Data for review:

--- START ---

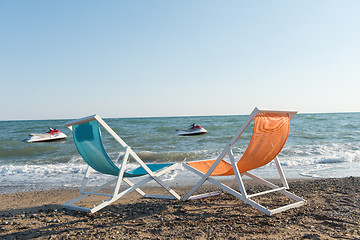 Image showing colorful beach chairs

--- END ---
--- START ---

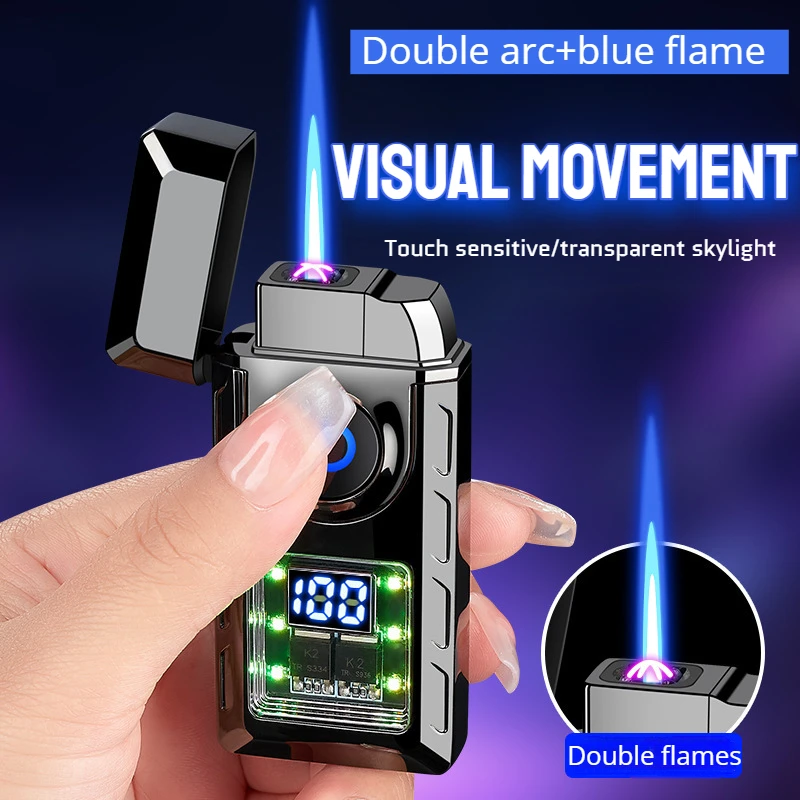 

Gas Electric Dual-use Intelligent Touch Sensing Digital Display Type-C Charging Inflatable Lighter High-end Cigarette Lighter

--- END ---
--- START ---

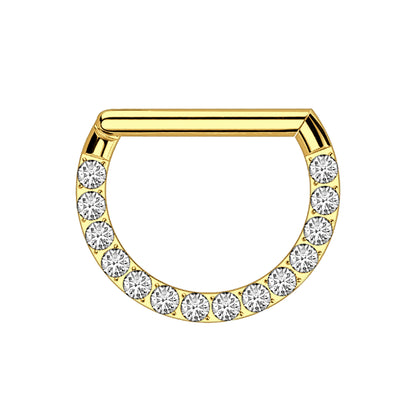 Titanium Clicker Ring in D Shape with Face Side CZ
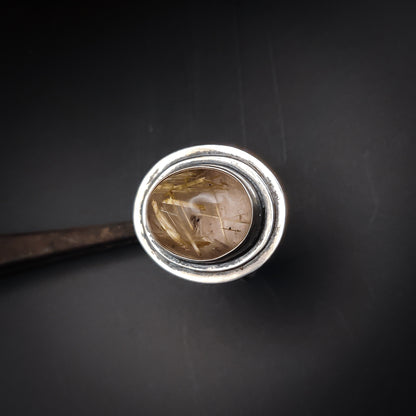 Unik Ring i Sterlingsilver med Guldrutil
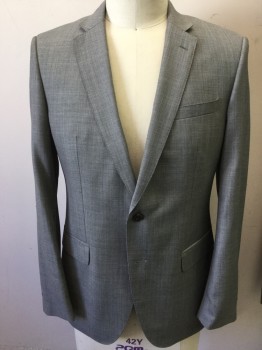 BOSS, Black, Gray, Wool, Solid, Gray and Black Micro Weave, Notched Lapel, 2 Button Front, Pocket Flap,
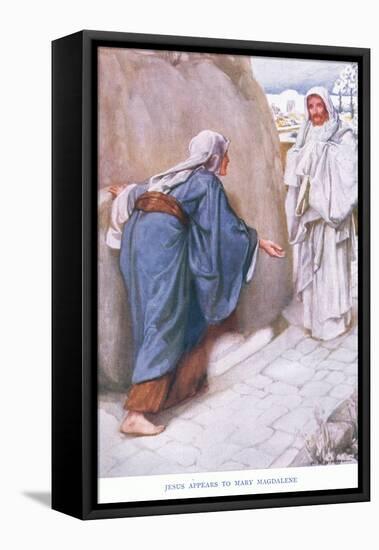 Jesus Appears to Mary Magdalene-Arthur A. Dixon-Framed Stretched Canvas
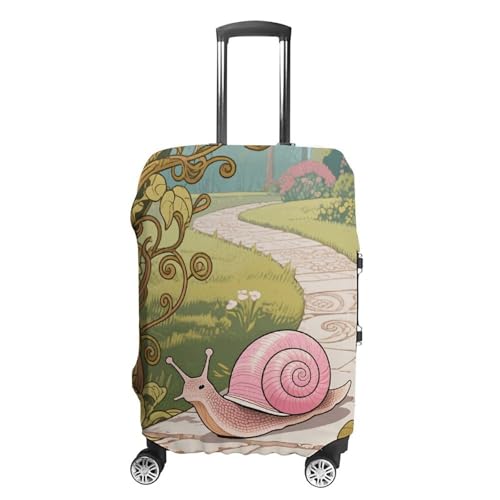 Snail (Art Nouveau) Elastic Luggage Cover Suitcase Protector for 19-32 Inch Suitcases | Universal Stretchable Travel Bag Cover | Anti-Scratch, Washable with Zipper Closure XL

--- END ---

Work instructions:
Everything above from the line with "Unik Ring i Sterlingsilver med Guldrutil" through the line with "Snail (Art Nouveau)" should be retyped exactly, and nothing else; omit pictures.

Response area:
 Unik Ring i Sterlingsilver med Guldrutil
 BOSS, Black, Gray, Wool, Solid, Gray and Black Micro Weave, Notched Lapel, 2 Button Front, Pocket Flap,
 Jesus Appears to Mary Magdalene-Arthur A. Dixon-Framed Stretched Canvas
 Snail (Art Nouveau) Elastic Luggage Cover Suitcase Protector for 19-32 Inch Suitcases | Universal Stretchable Travel Bag Cover | Anti-Scratch, Washable with Zipper Closure XL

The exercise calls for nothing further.